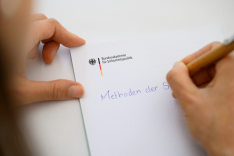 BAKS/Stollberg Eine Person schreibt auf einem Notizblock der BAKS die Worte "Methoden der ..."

_ _ _

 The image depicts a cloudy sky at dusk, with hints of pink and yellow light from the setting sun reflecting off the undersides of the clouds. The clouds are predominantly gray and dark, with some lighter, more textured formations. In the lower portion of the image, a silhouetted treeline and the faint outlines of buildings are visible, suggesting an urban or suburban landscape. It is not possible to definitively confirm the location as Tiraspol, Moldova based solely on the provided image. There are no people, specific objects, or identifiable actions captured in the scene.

_ _ _

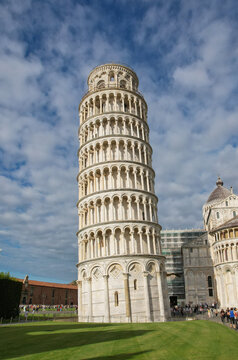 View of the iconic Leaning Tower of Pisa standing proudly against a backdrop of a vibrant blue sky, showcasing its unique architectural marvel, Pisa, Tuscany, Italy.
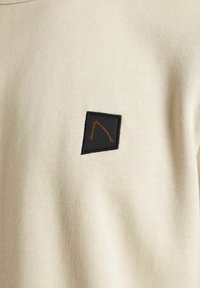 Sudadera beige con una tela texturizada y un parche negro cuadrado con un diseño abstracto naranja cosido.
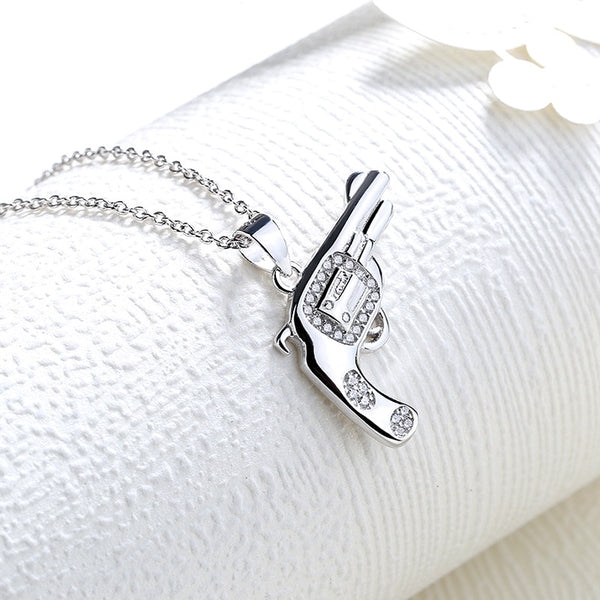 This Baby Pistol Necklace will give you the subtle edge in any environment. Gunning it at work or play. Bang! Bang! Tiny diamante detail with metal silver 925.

_ _ _

▶ **DIRECTIONS FOR THIS TASK**: Your reply should hold nothing but the lines above, from the one containing "Sudadera beige con" to the one containing "This Baby Pistol", reproduced exactly minus the pictures.

▶ **TASK OUTPUT**:
 Sudadera beige con una tela texturizada y un parche negro cuadrado con un diseño abstracto naranja cosido.
 This Baby Pistol Necklace will give you the subtle edge in any environment. Gunning it at work or play. Bang! Bang! Tiny diamante detail with metal silver 925.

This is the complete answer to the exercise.